# Fernsteuerung?!



## Florianrau (2. April 2004)

Hallo zusammen ich habe vollgendes Prob

ich möchte meine Rolläden Zuhause fernsteuern übers Internet.
Das Ganze soll von meiner Arbeit aus funktionieren
Wie könnte ich das realiesieren 
Die Rolläden steuere ich zur Zeit von meinem PC zuhause
Mein Internetzugang ist ein dsl Flat mit dyn IP

Ich bedanke mich im vorraus und hoffe auf euere Hilfe


----------



## Sinac (2. April 2004)

Wenn du die eh schon vom PC aus steuern kannst ist das doch kein Problem,oder?
z.B. mit VNC, dann kommst du über die dynamische Domain auf deinen Rechner
und kannst arbeiten als ob du davor sitzen würdest.

Greetz...
Sinac


----------



## Tim C. (2. April 2004)

Wie Sinac schon erwähnte wird VNC wohl die passende Möglichkeit sein. Wird allerdings nur funktionieren, wenn du auf der Arbeit nicht rigoros alle Ports bis auf Port 80 für normalen HTTP Verkehr geperrt hast, da VNC min. 2 Ports braucht.

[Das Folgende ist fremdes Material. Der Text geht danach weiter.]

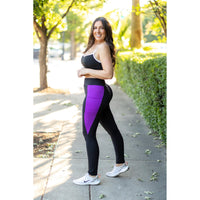 Julia Rose Presley Purple Panel Full Length Leggings women’s boutique leggings front view, Woman wearing Julia Rose Presley leggings with purple panel detail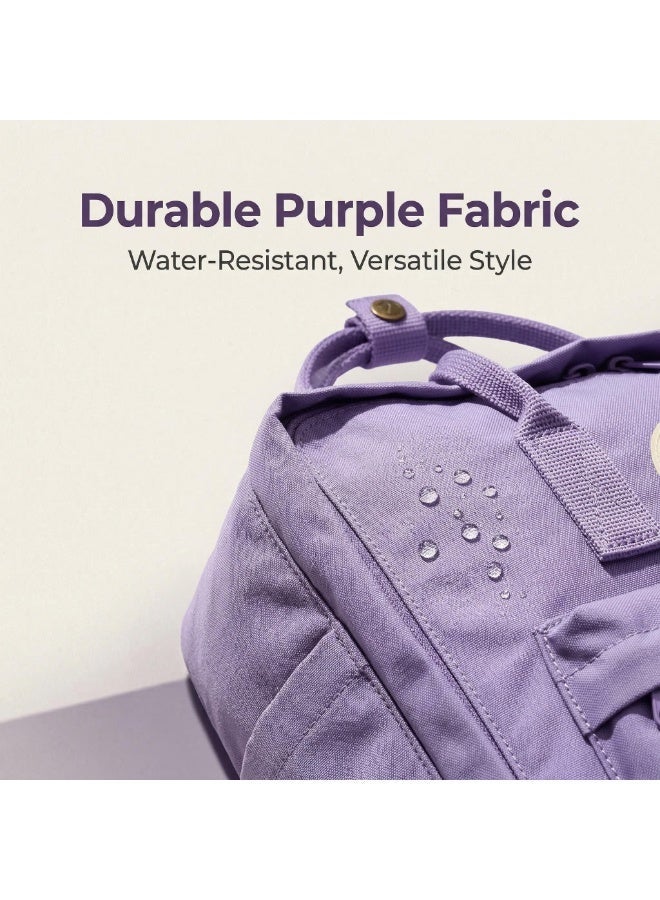 Fjallraven Classic Square Backpack for Women Men Teens, Water Resistant Lightweight Casual Daypack, Fashion School Bookbag with Front Pocket & Top Handles, Ideal for Daily Commute, Work, Travel Light Purple - Image 2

Eine mögliche Software Lösung wäre z.B. TightVNC. Ist Freeware und sowohl für Linux als auch für Windows zu haben und außerdem Cross OS kompatibel, das heisst du kannst von einem Windows Client auf einen Linux Server zugreifen (zumindest theoretisch  ).


----------



## Florianrau (2. April 2004)

Danke das ist genau was ich gesucht habe und es funktioniert 

MFG   Florian


----------



## Sinac (2. April 2004)

> _Original geschrieben von Tim Comanns _
> *...und außerdem Cross OS kompatibel, das heisst du kannst von einem Windows Client auf einen Linux Server zugreifen (zumindest theoretisch  ). *



Wieso theoretisch, hattest du mal Probleme damit? Bei mir läuft das immer ohne
Probleme mit RealVNC und dem RBF Server und umgekehrt.

Greetz...
Sinac


----------



## Tim C. (2. April 2004)

> _Original geschrieben von Sinac _
> *Wieso theoretisch, hattest du mal Probleme damit? Bei mir läuft das immer ohne
> Probleme mit RealVNC und dem RBF Server und umgekehrt.
> 
> ...


Ich hatte mal probleme bei Tight VNC und connecten von Windows nach Linux. Da war die X-Server Darstellung nicht so der Bringer sprich ich hatte wirklich eine rohe X-Server Oberfläche vor mir mit einem Terminal aber der Windowmanager, der eigentlich lief, war nicht zu sehen. Kann aber auch konfigurationsbedingt gewesen sein.


----------